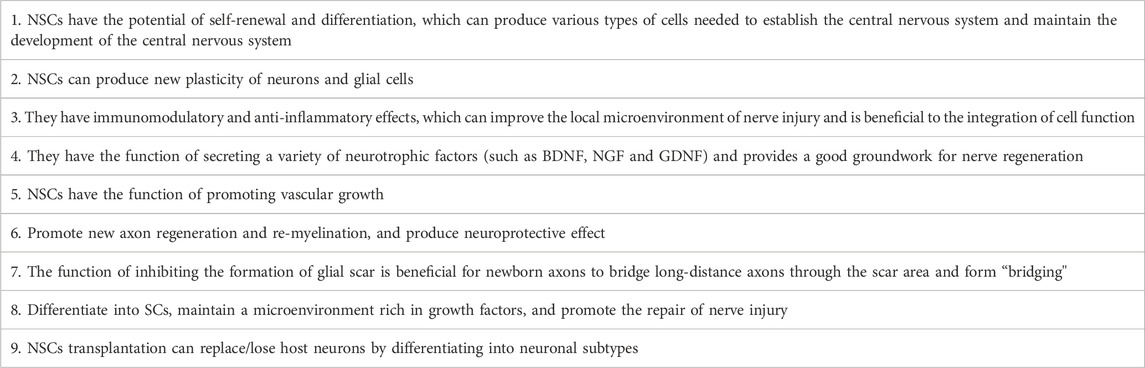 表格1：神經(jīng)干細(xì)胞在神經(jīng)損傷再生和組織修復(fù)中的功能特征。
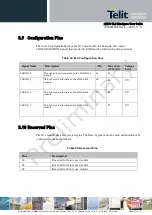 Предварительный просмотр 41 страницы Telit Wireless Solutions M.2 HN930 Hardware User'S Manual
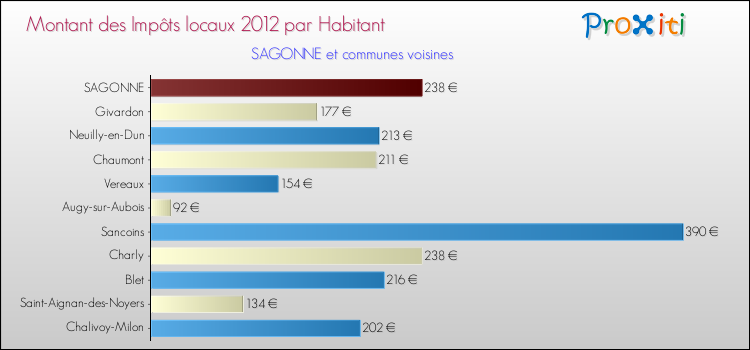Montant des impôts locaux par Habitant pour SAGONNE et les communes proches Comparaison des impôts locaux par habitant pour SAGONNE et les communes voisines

************

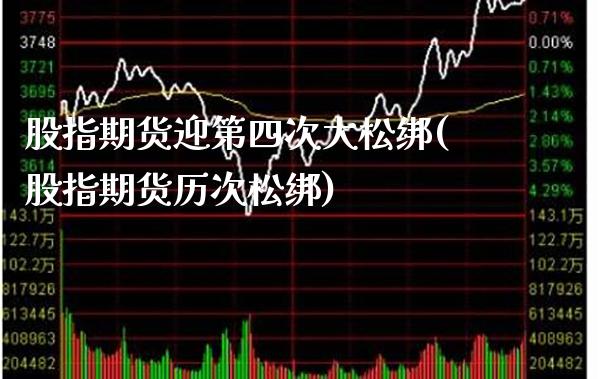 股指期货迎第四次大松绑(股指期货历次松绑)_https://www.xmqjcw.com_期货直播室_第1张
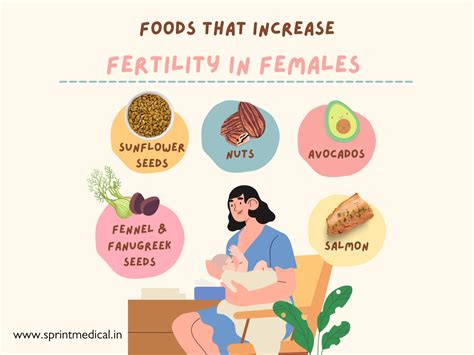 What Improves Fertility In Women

************

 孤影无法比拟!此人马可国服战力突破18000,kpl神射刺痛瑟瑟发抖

************

*Task instructions*.
Taking the material above, give again exactly the lines from the one holding "表格1：神經(jīng)干細" through the one holding "Montant des impôts", with both ends and without pictures.

*Finished task*.
 表格1：神經(jīng)干細(xì)胞在神經(jīng)損傷再生和組織修復(fù)中的功能特征。
 Предварительный просмотр 41 страницы Telit Wireless Solutions M.2 HN930 Hardware User'S Manual
Montant des impôts locaux par Habitant pour SAGONNE et les communes proches Comparaison des impôts locaux par habitant pour SAGONNE et les communes voisines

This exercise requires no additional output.